MPU Background and issues

The MPU is a -200 MPU which is very similar to the Bally -35 board with the exception that the -200 has a second 5101 Chip and it runs at a higher clock speed. It is a VERY stable board, and has far less hassles if you want to upgrade the board to using 2732K Eproms to replace the original masked ROMS.

The problem with the original masked ROMs is that they are no longer available, and when they are damaged, the only real fix is to replace them with Eproms. 2716K or 2732K are the options. For the Galaxy MPU, it had an issue whereby the board would be "locked on" every 10 reboots. The problem is typical of these boards if the ROM sockets are bad, component failure (one of the ROMs, PIA or CPU) or corrosion from the battery around the reset section.

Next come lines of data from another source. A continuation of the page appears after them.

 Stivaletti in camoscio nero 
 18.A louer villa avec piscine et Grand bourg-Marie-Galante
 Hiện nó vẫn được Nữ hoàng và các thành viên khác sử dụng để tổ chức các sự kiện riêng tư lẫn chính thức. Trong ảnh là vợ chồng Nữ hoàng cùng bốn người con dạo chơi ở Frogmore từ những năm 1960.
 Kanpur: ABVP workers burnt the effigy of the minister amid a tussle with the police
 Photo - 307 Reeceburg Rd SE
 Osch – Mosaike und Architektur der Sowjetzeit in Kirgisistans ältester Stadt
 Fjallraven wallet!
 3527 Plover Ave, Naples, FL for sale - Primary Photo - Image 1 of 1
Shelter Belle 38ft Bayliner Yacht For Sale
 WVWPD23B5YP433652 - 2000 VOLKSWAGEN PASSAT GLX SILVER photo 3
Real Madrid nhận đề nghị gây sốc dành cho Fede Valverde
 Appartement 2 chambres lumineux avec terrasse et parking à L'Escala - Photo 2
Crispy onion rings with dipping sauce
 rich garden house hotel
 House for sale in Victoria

For this particular board, the masked ROMs had brittle legs. One of the legs on U1 ROM was broken after I attempted to clean it with sandpaper. The only option was to upgrade the ROMs. I downloaded the ROMs from the Internet Pinball Database and combined them into one binary file. Then I used my Willem Programmer to program the new ROMs on to 2732K Eproms. Then next step was to set the correct jumpers on the MPU to accommodate 2732K Eproms. According to Clay's guide, the jumpers should be set to ;

E1-E2
E4-E5
E13-E15
E24-E25
E16-E18
E32-E33
E34-E35

The process to convert the original board is simple. Record the current jumper configuration. If it is a factory configuration, then this is the procedure to convert the  board for 2732K Eproms ;

Remove E2-E3
Solder E1-E2
Remove E5-E7
Solder E4-E5
Remove E8-E9
Remove E12-E13
Solder E13-E15
Remove E19-E20
Remove E22-E25
Solder E24-E25
Remove E26-E28
Remove E29-E31

This will give you a configuration for a combined U1 + U2 on a 2732K Eprom, installed in the U2 Socket, and a combined U5 + U6 on a 2732K Eprom, installed in the U6 Socket

Completing this process gave me a bootable -200 board with new 2732K Eproms at U2 and U6

The problem of the boot sequence locking up once every 10 boots is still a problem. A neat little test it to short out pins 39-40 on the CPU. This simulates a RESET of the CPU, which is the same as the RESET signal from the reset circuit. It worked every time, and the real test was to have the reset work at the CPU when the board was locked. Time to "bite the bullet" and replace the Reset Circuit with a Corrosion Kit from GPE. I've done PLENTY of these in the past, so they are easy - and it is time to document it.


The MPU Board

Here's the Galaxy MPU board with the replacement Eproms installed. It boots 9/10 times. The battery is removed revealing only a small small amount of corrosion - but even the smallest amount can cause problems. I will be components in the reset section.



The Reset Section

In the picture below, you can just see evidence of the corrosion. R1, R3, Q1 and Q5. These will be the culprits, but rather than replace them, I always replace all components in this "corrosion zone". You can also see sections like the base of R12 - this is the start of a potential problem. The damage has been done.




CMOS RAM 5101

Rule of thumb - Wear a static wrist strap and use the correct tools to remove the 5101. DO NOT TOUCH THE LEGS. They are CMOS devices suseptible to static and they are easily damaged. I've done a few in the past. They are expensive and are fast becoming a rare part. Please be careful !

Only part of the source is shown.